Diagnostic reference levels during fluoroscopically guided interventions using mobile C-arms in operating rooms: A national multicentric survey.

机构信息

Department of Medical Physics and Radiation Protection, APHP, Lariboisière Hospital, Paris University, Paris, France.

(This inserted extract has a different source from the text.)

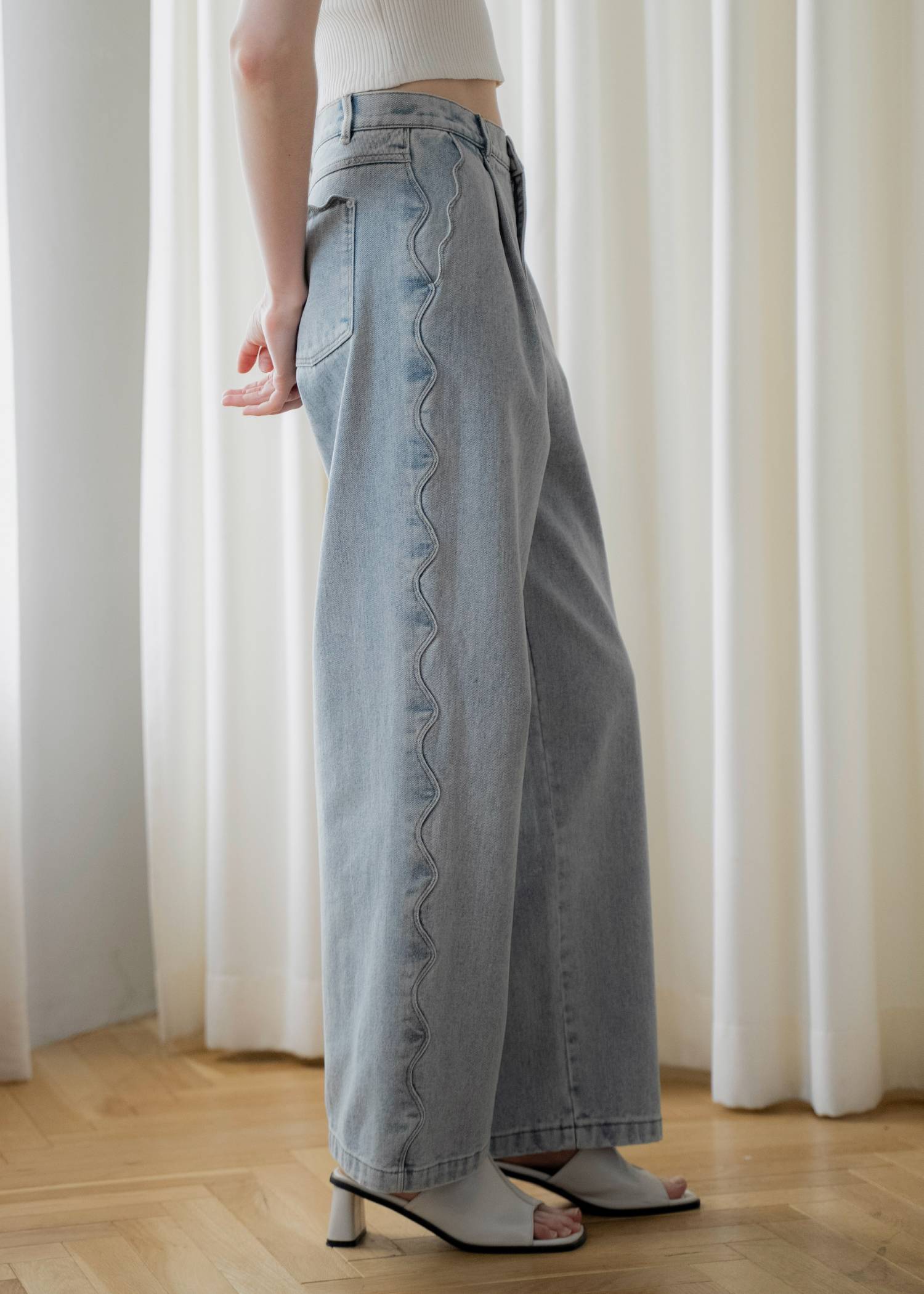 scalloped detail denim PT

Department of Medical Imaging, CHU Nîmes, Montpellier University, Medical Imaging Group Nîmes, EA 2415, France.

出版信息

Phys Med. 2021 Jun;86:91-97. doi: 10.1016/j.ejmp.2021.05.013. Epub 2021 May 29.

Abstract

PURPOSE

To establish diagnostic reference levels (DRLs) and achievable levels (ALs) for the most common fluoroscopically guided interventions (FGIs) performed in operating rooms using mobile C-arm equipment.

METHODS

A national survey was performed in 57 centers in France. Anonymous data from 6817 patients undergoing FGIs were prospectively collected over a period of 7 months. DRLs (third quartile of the distribution) and ALs (median of the distribution) were determined for each type of intervention in terms of kerma area product (KAP) and fluoroscopy time (FT).

RESULTS

DRLs and ALs were proposed for 31 procedure types related to seven surgical specialties: orthopedics (n = 9), urology (n = 3), vascular (n = 6), cardiology (n = 5), neurosurgery (n = 3), gastrointestinal (n = 3), and multi-specialty (n = 2). DRLs in terms of KAP ranged from 0.1 Gy·cm for hallux valgus to 78 Gy·cm for abdominal aortic aneurysm endovascular repair. A factor of 155 was obtained between the FTs for a herniated lumbar disk (0.2 min) and an abdominal aortic aneurysm endovascular repair (31 min). The highest variations were obtained within orthopedic procedures in terms of KAP (ratio 122) and within gastrointestinal procedures in terms of FT (ratio 9). Overall, the FGIs associated with the highest radiation exposure (KAP > 10 Gy·cm) were found in the cardiology, vascular, and gastrointestinal specialties.

CONCLUSIONS

DRLs and ALs are suggested for a wide range of FGIs performed in operating rooms using a mobile C-arm. We aim at providing a practical optimization tool for medical physicists and surgeons.

摘要

目的

为使用移动 C 臂设备在手术室进行的最常见的透视引导介入(FGI)建立诊断参考水平(DRL)和可达到水平(AL)。

方法

在法国的 57 个中心进行了一项全国性调查。在 7 个月的时间内,前瞻性地收集了 6817 名接受 FGI 的患者的匿名数据。以比释动能面积乘积(KAP)和透视时间(FT)为单位,针对每种介入类型确定了 31 种手术类型的 DRL(分布的第三四分位数)和 AL(分布的中位数)。

结果

为 7 个外科专业相关的 31 种手术类型提出了 DRL 和 AL:矫形科(n=9)、泌尿科(n=3)、血管科(n=6)、心内科(n=5)、神经外科(n=3)、胃肠科(n=3)和多专科(n=2)。KAP 方面的 DRL 范围从拇外翻的 0.1Gy·cm 到腹主动脉瘤血管内修复的 78Gy·cm。腰椎间盘突出症(0.2 分钟)和腹主动脉瘤血管内修复(31 分钟)之间获得了 155 倍的 FT 差异。在 KAP 方面,矫形科手术的变化最大(比值 122),而在 FT 方面,胃肠科手术的变化最大(比值 9)。总体而言,心血管科、血管科和胃肠科的 FGI 辐射暴露量最高(KAP>10Gy·cm)。

结论

为使用移动 C 臂在手术室进行的广泛的 FGI 提供了 DRL 和 AL。我们旨在为医学物理学家和外科医生提供实用的优化工具。